GREEN BAY, Wis. (WFRV) – How to bottle genius. Put it in a play.
Contained in “Picasso at the Lapin Agile” are Albert Einstein and Pablo Picasso together, placed in a Paris nightspot by Steve Martin with his gift of whimsy.
Einstein considers a Picasso drawing. He asks opinions about the image of a young woman. Each differs from the next. Opinions can be as many as there are people in the world, Einstein says, then notes: The drawing stays the same.
Such deep-think moments – along with zany, Steve Martin-infused fun – burst through the brilliant creation now in the hands of University of Wisconsin-Green Bay Theatre and Dance. Four more performances continue to April 30 in University Theatre of Theatre Hall on campus.
Director Alan Kopischke has his nimble cast primed for brainy, kidding, clever, earthy, comical, flashy, imaginative action.
The play adds to the huge scope of Steve Martin, best known as funny guy and movie actor.
The play is about genius, some of which is Steve Martin’s as he toys with the intellect of the topic with his trademark humor never far away.

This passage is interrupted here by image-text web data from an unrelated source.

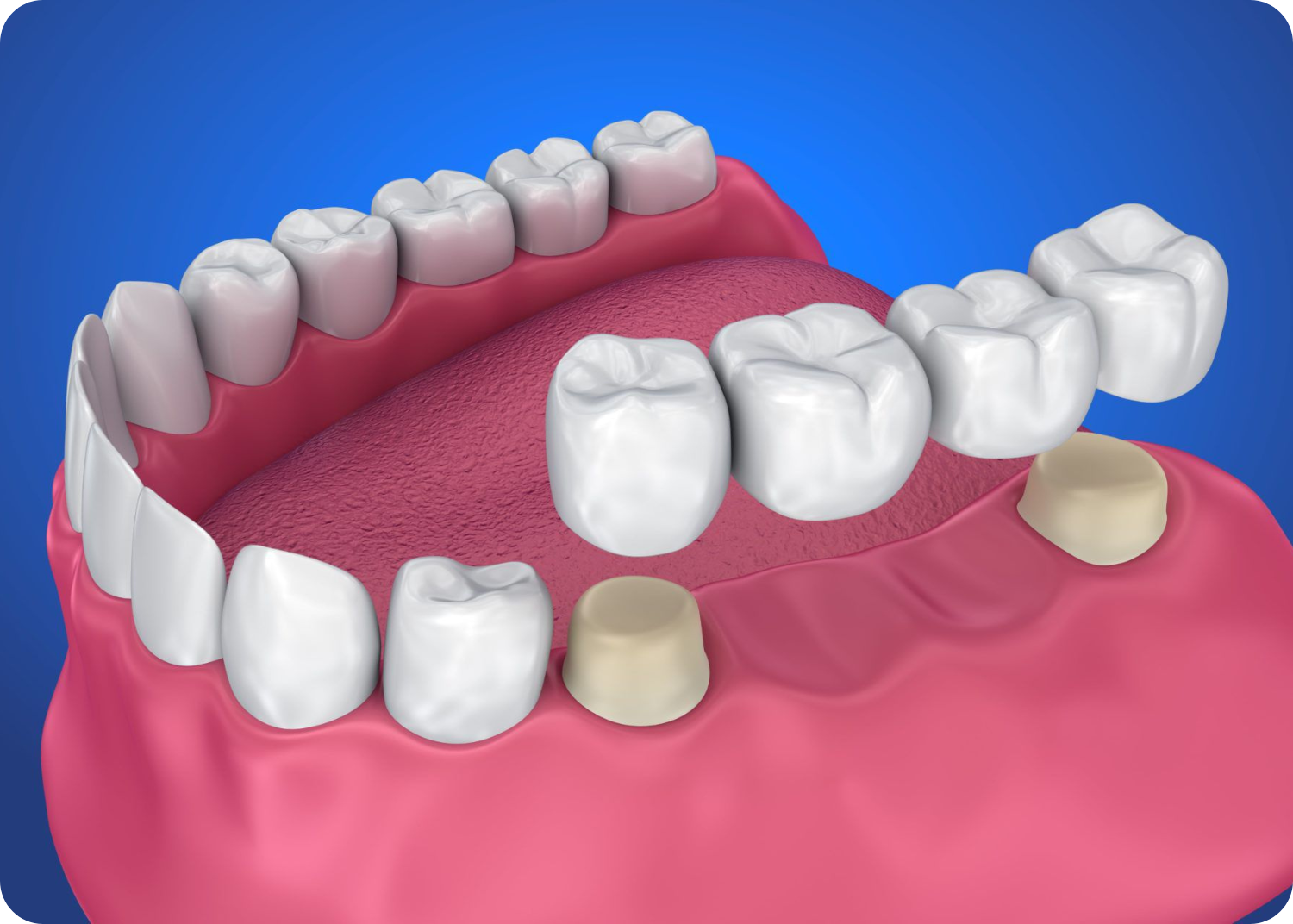 Crown and bridges treatment kharadi
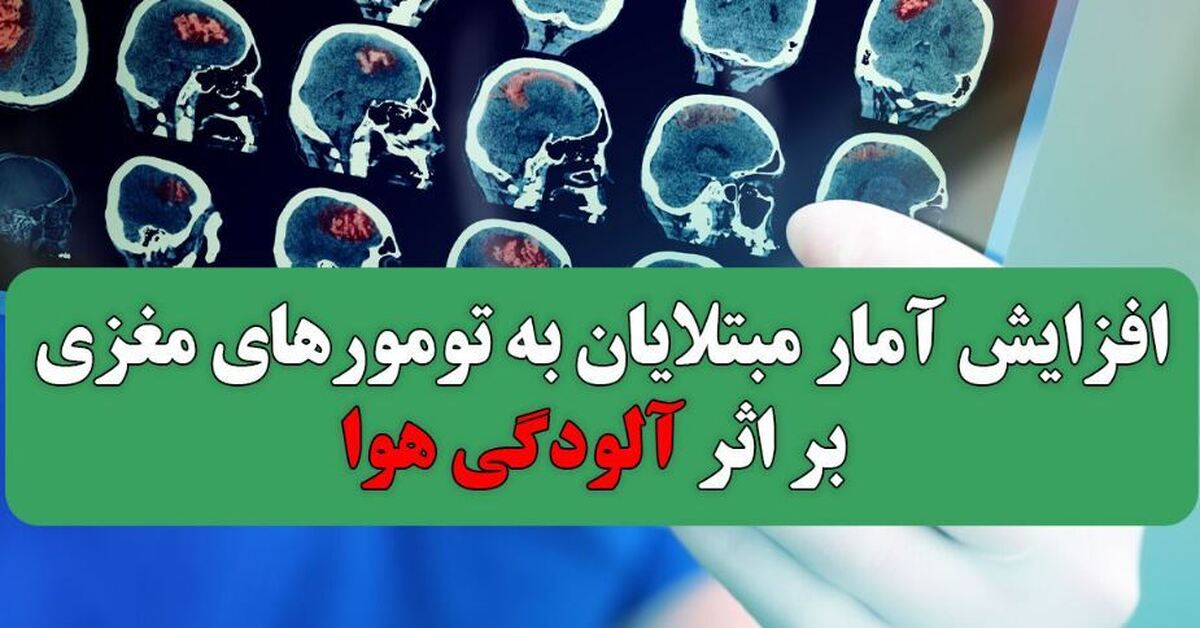 آلودگی هوا عاملی برای ابتلا به تومور‌های مغزی!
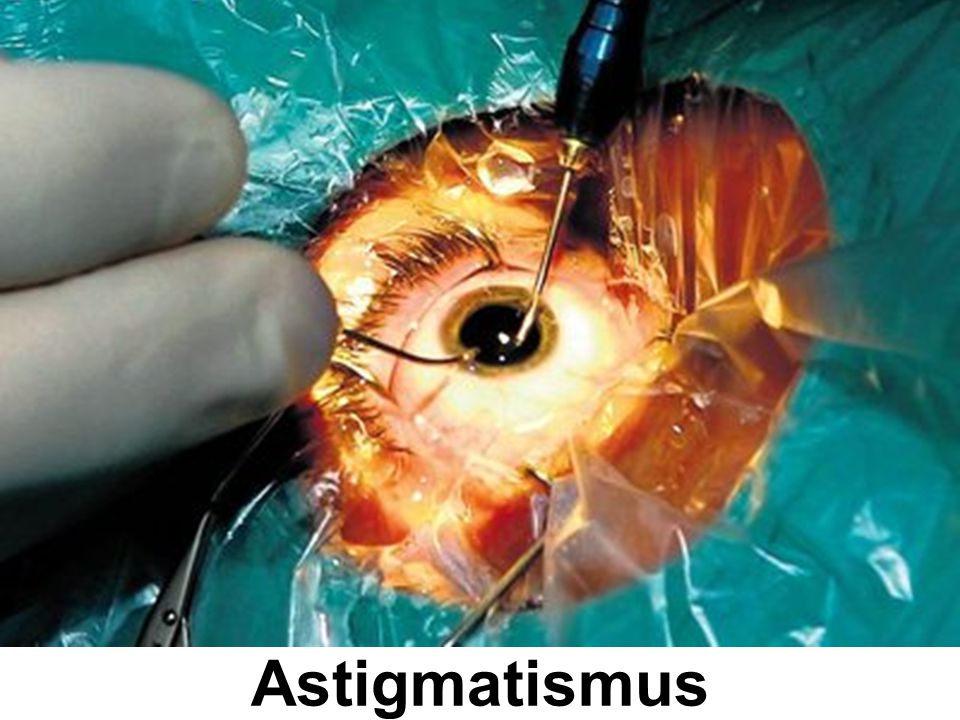 Astigmatismus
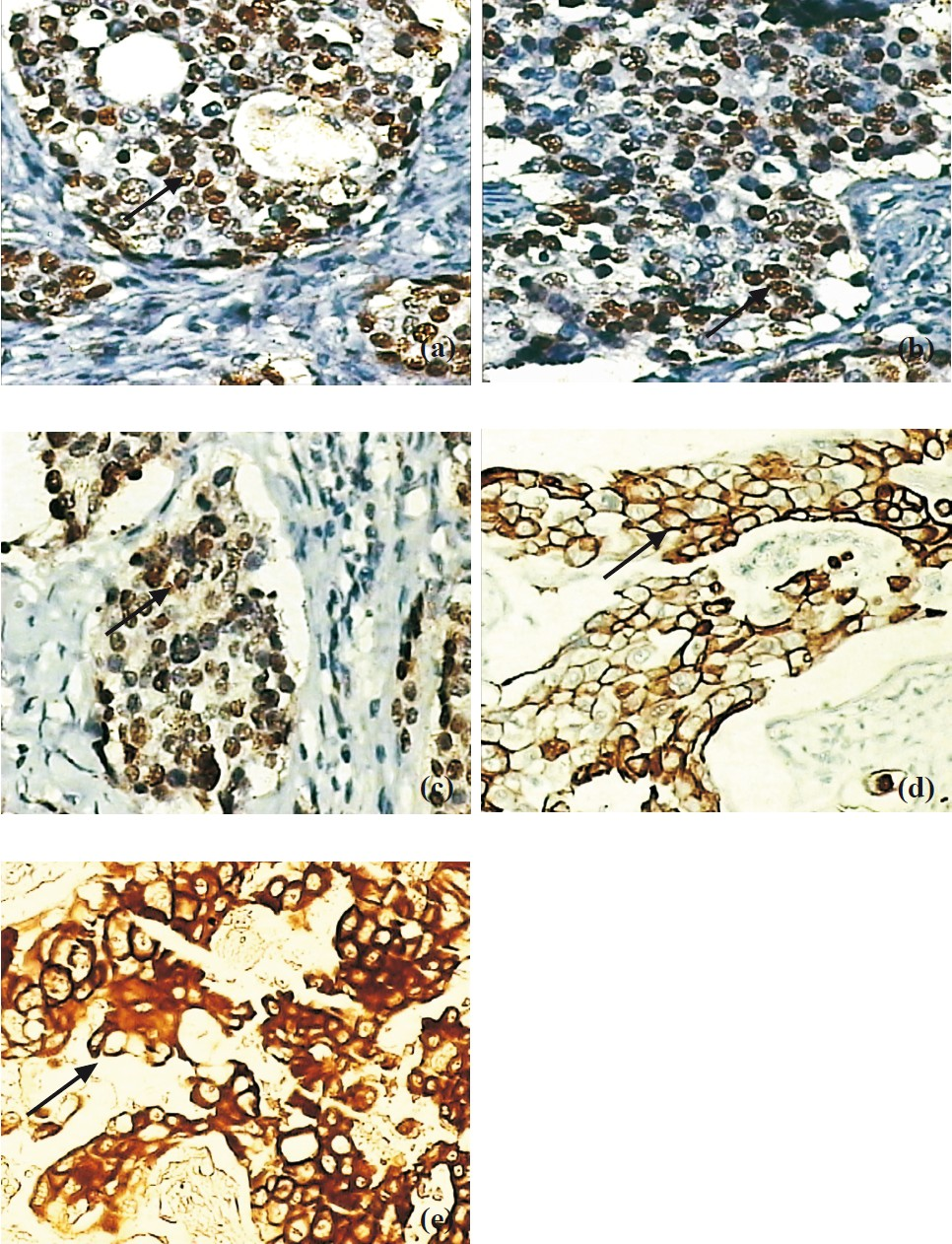 (a) Nuclear expression of estrogen receptor (ER) in breast cancer (arrow) (200×). (b) Progesterone receptor (PR) nuclear positivity in infiltrating ductal carcinoma breast (arrow) (200×). (c) Androgen receptor (AR) expression in nuclei of tumour cells (arrow) (200×). (d) Membranous expression of epidermal growth factor receptor (EGFR) in tumour cells (arrow) (200×). (e) Membranous and cytoplasmic expression of endoglin (CD105) in breast cancer (arrow) (200×).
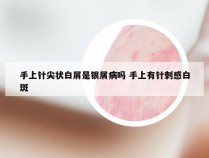 手上针尖状白屑是银屑病吗 手上有针刺感白斑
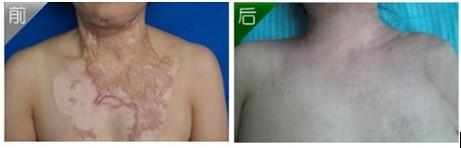 什么樣的疤痕需要手術(shù)祛除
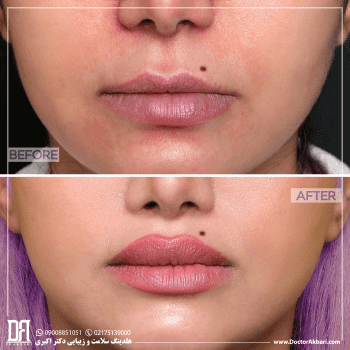 قبل و بعد سانترال لب در کلینیک دکتر اکبری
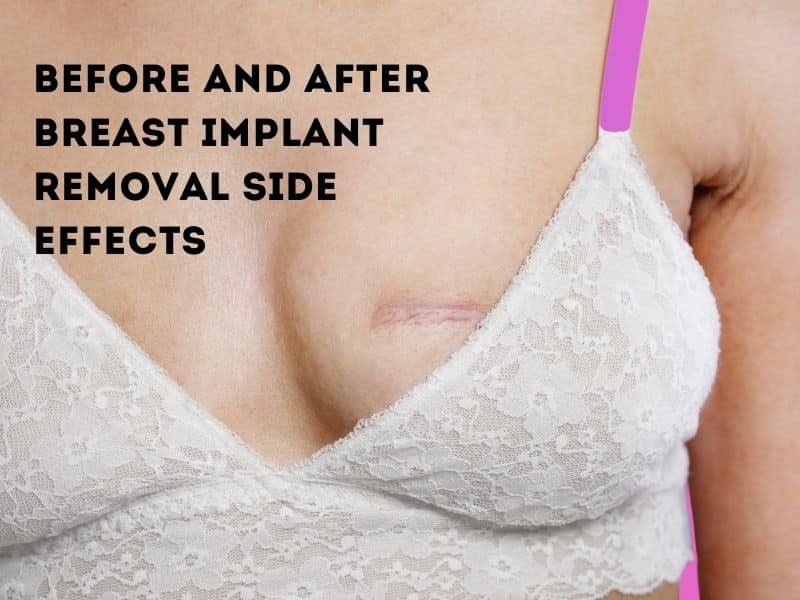 before and after breast implant removal side effects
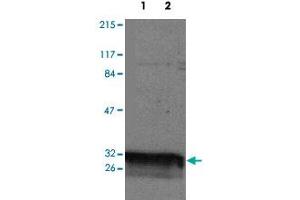 Western blot analysis of YWHAQ expression in HeLa (Lane 1) and Jurkat (Lane 2) whole cell lysates.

Albert Einstein and Pablo Picasso are in the same place at the same time in 1904, shortly before their brilliance presents itself to the world. A third world-shaker arrives late in the play to help launch marvelous thoughts about the 20th century.
The play and performances sweep the audience into a mystical charm of a wonderful what-if.
Steve Martin projects an uplifting view on art, science, music and, in a funny way, stardom.
He also is full of surprises as a kind of philosopher. He drops in such brain-nuggets as this from one of his characters: “A mirror is like the mind. If you don’t use it, you lose the power to reflect.”
The players are full of color. Ty Witthuhn imbues the league-of-his-own majesty of physicist Albert Einstein. Mickey Wirtz radiates the womanizing/rogue inclination of Pablo Picasso, always on the cusp of new in art.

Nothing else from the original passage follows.